B. Plaintiff's thirteenth cause of action

In her thirteenth cause of action, plaintiff asserts that the board, in violation of the Act (Real Property Law § 339-w) denied her access to inspect and copy its monthly financial reports, condominium invoices, and legal invoices.

1. Right to inspect documents generally

a. Contentions

Plaintiff contends that she has the right to inspect the documents she seeks, and offers Clurman's affidavit as evidence that the Act requires that unit owners be given full and broad disclosure of a condominium's financial affairs. (NYSCEF 219).

Defendants assert that plaintiff's legal right to examine condominium documents is circumscribed by the bylaws and the Act, and that while they offered her an opportunity to inspect some documents, such as board minutes, they deny a legal obligation to do so. They claim that plaintiff's interpretation of the Act reflects a misunderstanding of the relationship between unit owners and the board, and observe that there is no common law right to inspect corporate board minutes. (NYSCEF 285).

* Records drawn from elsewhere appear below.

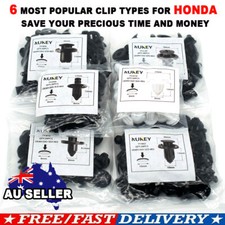 X180pc For HONDA CIVIC ACCORD Trim Panel Clips Bumper Fender Fastener Push Rivet
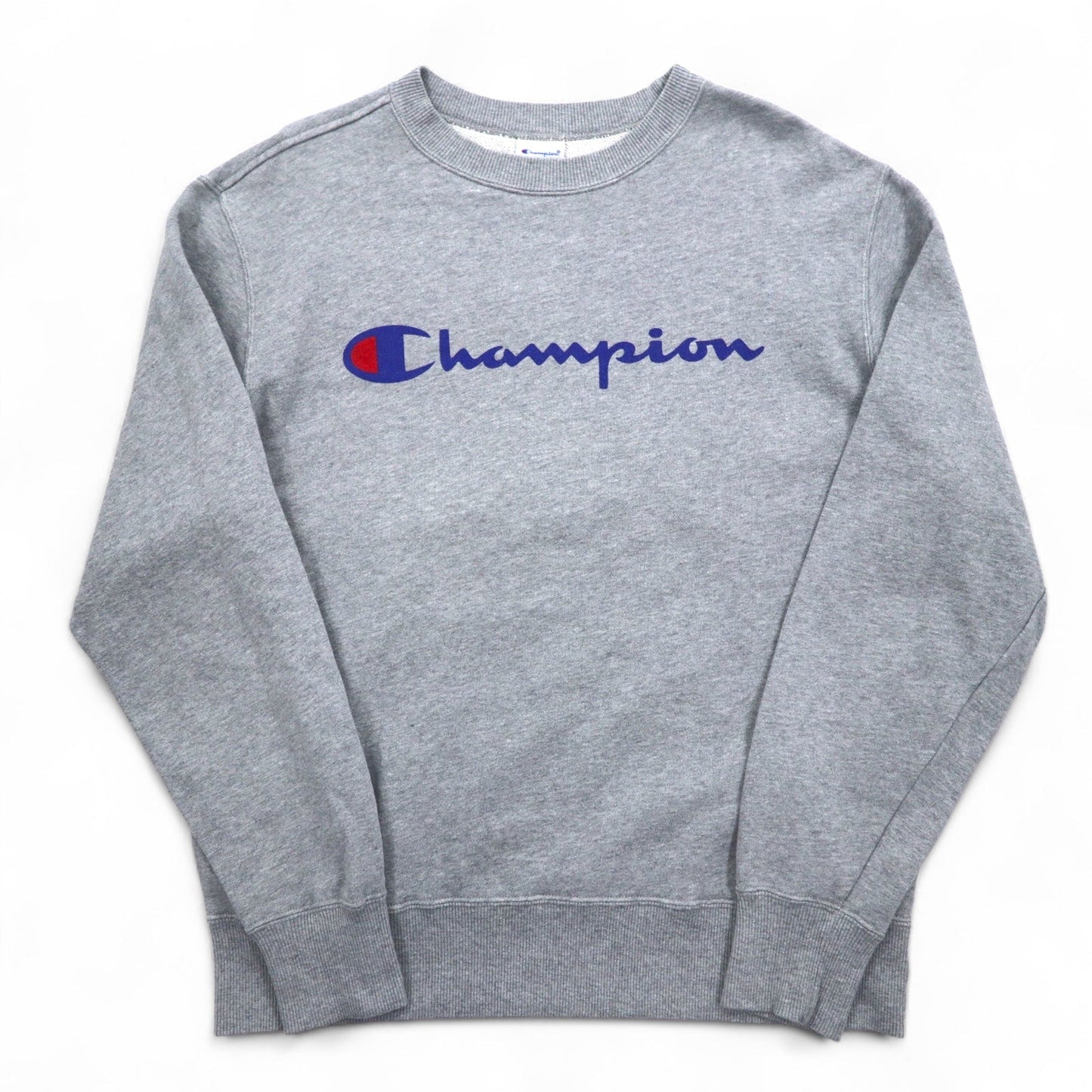 Champion ベーシック クルーネック スウェット L グレー コットン スクリプトロゴ C3-H004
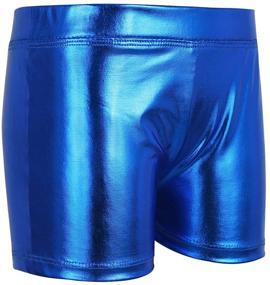 img 1 attached to IEFiEL Metallic Active Swim Bottoms for Girls - Gymnastics and Swimwear Clothing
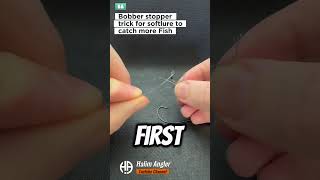 Bobber stopper trick for softlure to catch more Fish fishing fishingknots fishingtrip mancing [upl. by Carina124]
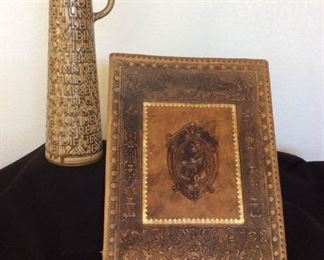 RH537Beer Stein and Leather Sketch Pad Cover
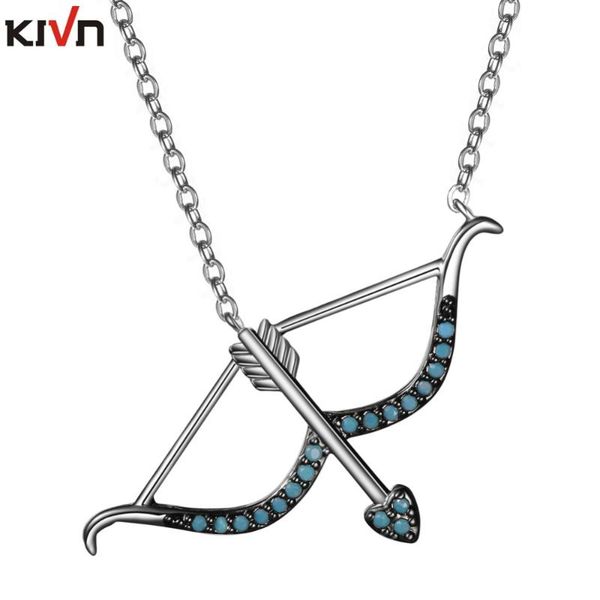 

pendant necklaces womens girls fashion jewelry cz cubic zirconia bow arrow birthday christmas mothers gifts 6pcs lot wholesale, Silver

By affidavit, defendant Chernoff, current president of the board, complains that plaintiff has continually second-guessed most of the board's legitimate business decisions. He explains that the board denied many of her pre-action requests for documents given its belief that she was aligned with the condominium sponsor, the condominium's adversary in litigation, that plaintiff renewed her requests after this action was filed, and that by her own admission, she seeks them to assist her in this action rather than by conducting formal discovery. Chernoff thus contends that plaintiff engaged in a subterfuge reflecting bad faith, but that the board has nonetheless granted several of her requests. Chernoff acknowledges, however, that "the threat that plaintiff will disclose strategic, private information to the sponsor no longer exists." (NYSCEF 284).

In reply, plaintiff reiterates her contentions, and states that her purpose in inspecting the documents is to fulfill her role under the Act of evaluating candidates for election to the board, deciding whether she should run for election, and deciding whether to remove a board member, and to evaluate the ongoing lawsuit against the sponsor to determine if she should advise other unit owners that the lawsuit will cost more than any possible recovery and to see how much the board has spent on litigation. (NYSCEF 286-287).

b. Analysis

"The unit owners of a condominium collectively own the common elements thereof and are responsible for the common expenses. . . . [and t]hus, the rationale that existed for a shareholder to examine a corporation's books and records at common law applies equally to a unit owners vis-a-vis a condominium." (Pomerance v McGrath, 104 AD3d 440, 441 [1st Dept 2013] [internal citations omitted]). Thus, a unit owner's right to examine certain documents pursuant to RPL 399-w does not translate into a prohibition against examining other documents under the common law. (Id.; see also Retirement Plan for Gen. Employees of N. Miami Beach v McGraw-Hill Cos., Inc., 120 AD3d 1052, 1055 [1st Dept 2014] [as shareholder's common law right to inspect is broader than statutory right, petitioners entitled to inspect books and records beyond specific records delineated in statute]). This result is consonant with the purpose and intent of the Act, which must be broadly construed.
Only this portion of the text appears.